** Opening THE INPUT block **
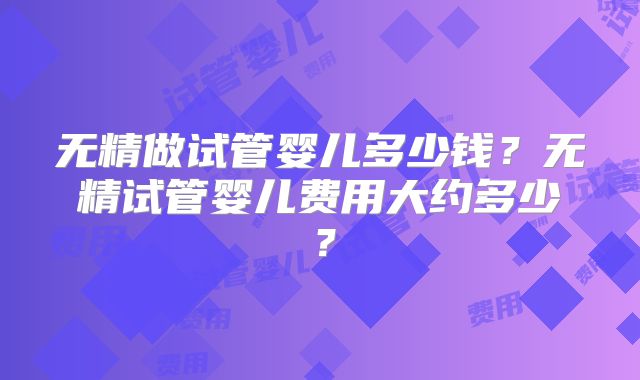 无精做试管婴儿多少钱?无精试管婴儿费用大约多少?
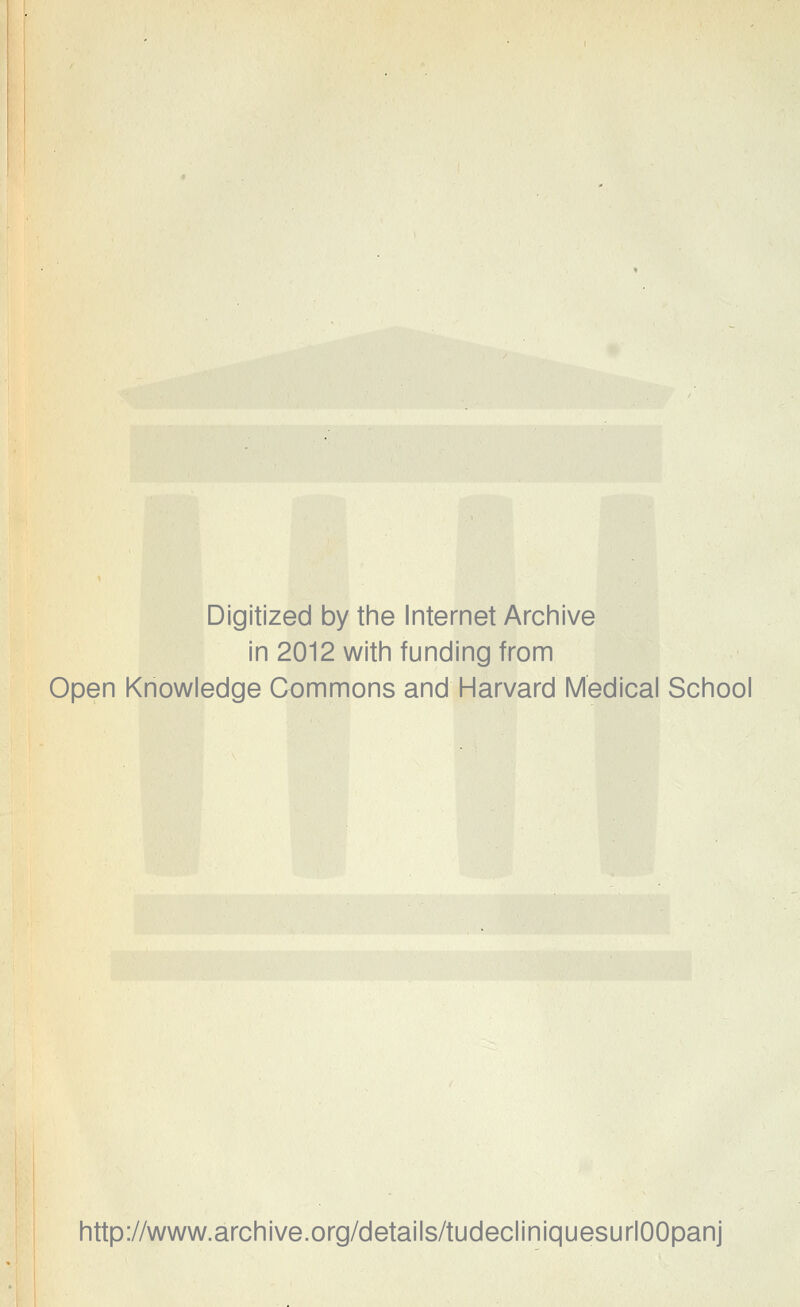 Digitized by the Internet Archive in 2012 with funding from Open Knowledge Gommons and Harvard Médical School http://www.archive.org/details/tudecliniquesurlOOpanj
** Closing THE INPUT block **
** Opening THE INPUT block **
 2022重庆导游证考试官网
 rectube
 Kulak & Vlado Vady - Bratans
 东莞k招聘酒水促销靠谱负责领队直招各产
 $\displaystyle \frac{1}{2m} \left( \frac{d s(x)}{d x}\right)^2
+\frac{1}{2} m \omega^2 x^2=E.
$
** Closing THE INPUT block **
**WHAT NEEDS TO BE DONE:** Count the lines above that contain "frac" and reply with the figure alone.

**SOLUTION TO THE EXERCISE:** 2